In stories mainly devoted to unraveling a mystery, coincidences are few and far between. Hints are set up for the audience like crumbs, so we can follow our own investigative trail, holding it up to the arc as we go along. This is why they’re so compelling; it’s engaging to try to get ahead of the story or of the character whose job is to complete the narrative puzzle. Is there anything that we know that Joe Leaphorn doesn’t? So far, that has never been the case — we’ve been deep in Joe’s perspective. But with Bern in Hachita and the arrival of Special Agent Washington on the Navajo Nation, the three main investigations at the heart of this season are starting to look less like three separate spheres and more like a Venn diagram.
They start intersecting in this week’s episode when Chee and Joe find themselves on a small chili farm that gives off Spahn Ranch more than it does sustainable small-scale agriculture. There, Chee finds a bulletin board with pictures of U.S. Border Agents, including Bern. There is also the recurring use of the word “pig ” — the young Mixtec girl Bern spoke with used it as she pointed to the Spenser Ranch logo. At the chili farm, only six miles from the cabin where George Bowlegs was supposedly hiding out, a farm worker yells, “Pigs!” as he runs from Chee and Joe.

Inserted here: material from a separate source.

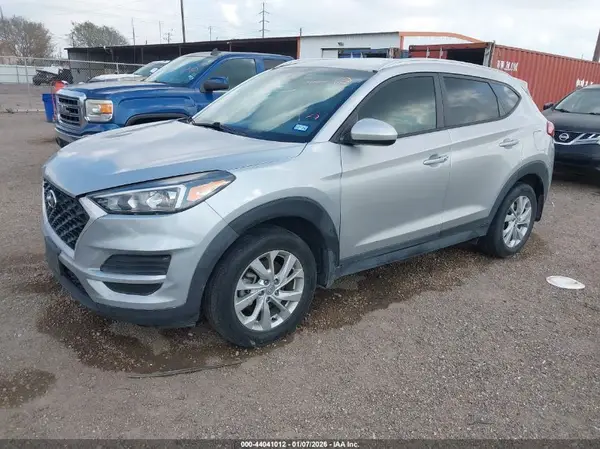 KM8J33A4XLU157185 2020 HYUNDAI TUCSON - Image 2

Something about Spenser’s vileness seems all-encompassing. When Bern gets into her truck the morning after inspecting a Spenser oil tank despite “protocol,” the gun she’d left behind at the border is on the passenger seat. She finds out that the menacing De Baca goes by Budge, and though Muños tells her he is probably just an under-the-table henchman for Spenser, Bern knows there’s more to it. She finds a way to go back to the ranch by telling Ed Henry that she wants to apologize to Spenser for delaying his truck. When she gets there, Spenser tells her disturbing things, chief among them that his grandfather brewed coffee with used socks. Second-worst is that it would be a waste of time to apologize to Budge, who doesn’t have feelings. Before leaving, Bern snoops around the “gas trapping house” at the edge of the property. She doesn’t see anything, and her attempt to speak with a worker is unsuccessful. She even asks him what “pig” means, but he doesn’t engage with her.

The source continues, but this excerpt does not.